Por Caio Seguin e Andrew Zalesky, - 08/03/2023


Crédito: Ravil Sayfullin/Shutterstock

Através de uma vasta rede de fibras nervosas, os sinais elétricos viajam constantemente pelo cérebro. Essa atividade complicada é o que, em última análise, dá origem aos nossos pensamentos, emoções e comportamentos – mas também possivelmente à saúde mental e problemas neurológicos quando as coisas dão errado .

A estimulação cerebral é um tratamento emergente para tais distúrbios. Estimular uma região do seu cérebro com pulsos elétricos ou magnéticos desencadeará uma cascata de sinais através de sua rede de conexões nervosas.

No entanto, no momento, os cientistas não têm certeza de como essas cascatas viajam para impactar a atividade do cérebro como um todo – uma peça importante que falta e que limita os benefícios das terapias de estimulação cerebral.

Em nossa pesquisa mais recente, publicada na Neuron em 7 de março, descobrimos que a disseminação da estimulação cerebral pode ser prevista usando a matemática das redes.

Rastreando sinais elétricos no cérebro

Estudar a comunicação no cérebro humano é difícil. Isso ocorre porque os sinais elétricos se movem muito rápido, na escala de milésimos de segundo, entre uma parte do cérebro e outra.

Para tornar as coisas mais complicadas, os sinais são comunicados por meio de uma rede incrivelmente complexa de fibras nervosas que interliga todas as regiões do cérebro. Essas questões tornam difícil para os cientistas até mesmo observar os sinais que viajam pelo cérebro.

No entanto, em circunstâncias muito especiais e controladas, podemos usar eletrodos invasivos para rastrear com precisão a propagação dos sinais cerebrais. Eletrodos invasivos são instrumentos inseridos cirurgicamente no cérebro de pacientes que consentiram.

É importante ressaltar que esse tipo de procedimento invasivo só pode ser feito em circunstâncias muito especiais, quando o objetivo principal é ajudar os pacientes. No nosso caso, os pacientes eram pessoas com epilepsia grave. Quando os pacientes com epilepsia não respondem à medicação, eles podem optar por usar eletrodos para ajudar os médicos a descobrir mais sobre o que pode estar acontecendo em seus cérebros.
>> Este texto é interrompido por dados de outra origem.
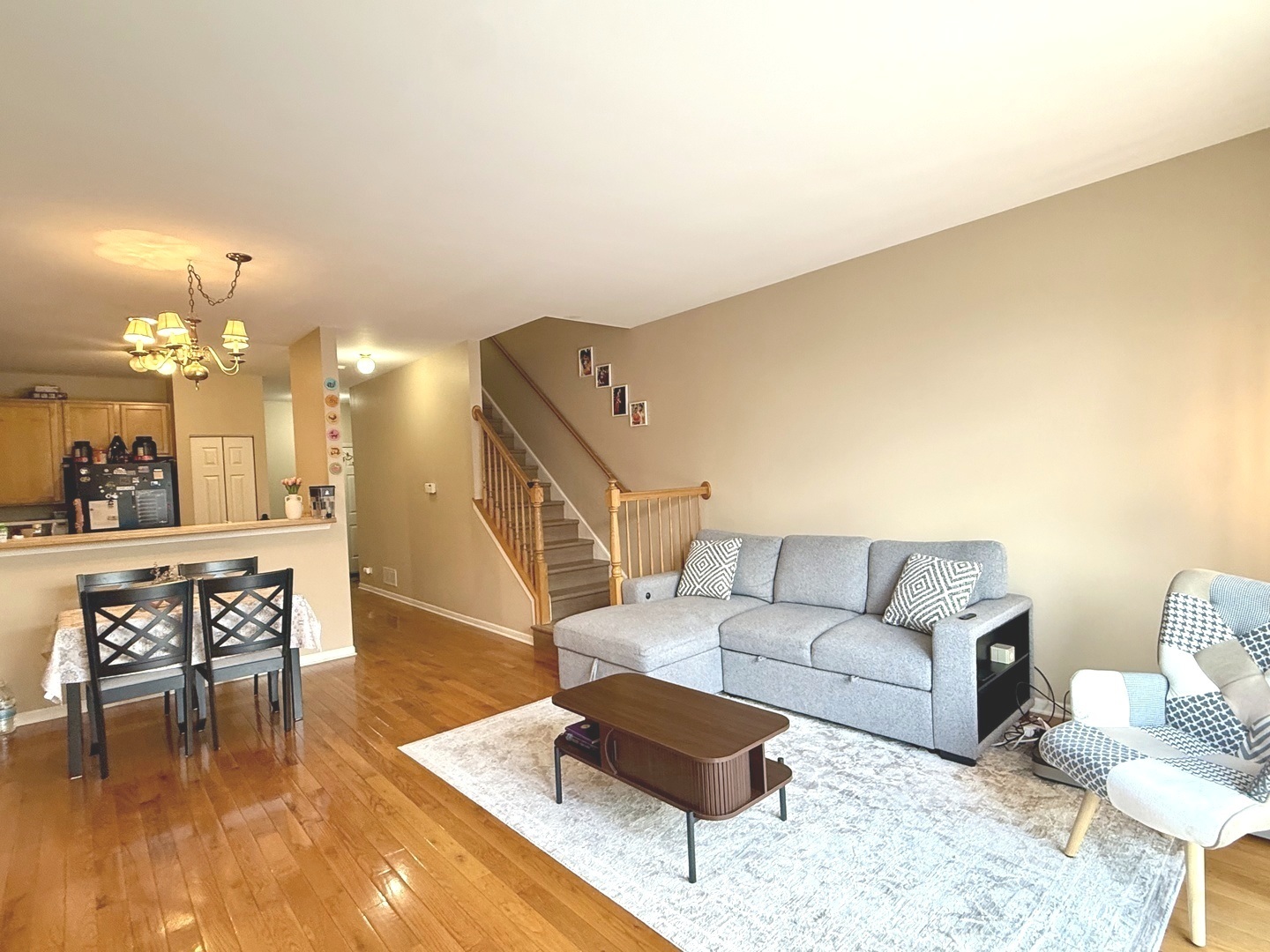 Naperville, IL 60563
Nosso estudo foi baseado em um grande grupo de 550 pacientes voluntários com epilepsia em mais de 20 hospitais na América do Norte, Ásia e Europa.

Os eletrodos fornecem uma maneira de estimular suavemente uma área do cérebro com um pulso elétrico e, ao mesmo tempo, registrar a atividade cerebral do paciente. Usamos dados de eletrodos colocados em diferentes posições do cérebro para rastrear a comunicação de pulsos elétricos de uma região para outra.

Como último ingrediente de nosso estudo, usamos ressonâncias magnéticas para reconstruir a rede de fibras nervosas do cérebro humano, conhecida como conectoma . Isso nos deu um modelo da fiação física através da qual os sinais elétricos são comunicados no cérebro.

A matemática da comunicação em rede

Então, como os sinais são comunicados através da complexa fiação do conectoma?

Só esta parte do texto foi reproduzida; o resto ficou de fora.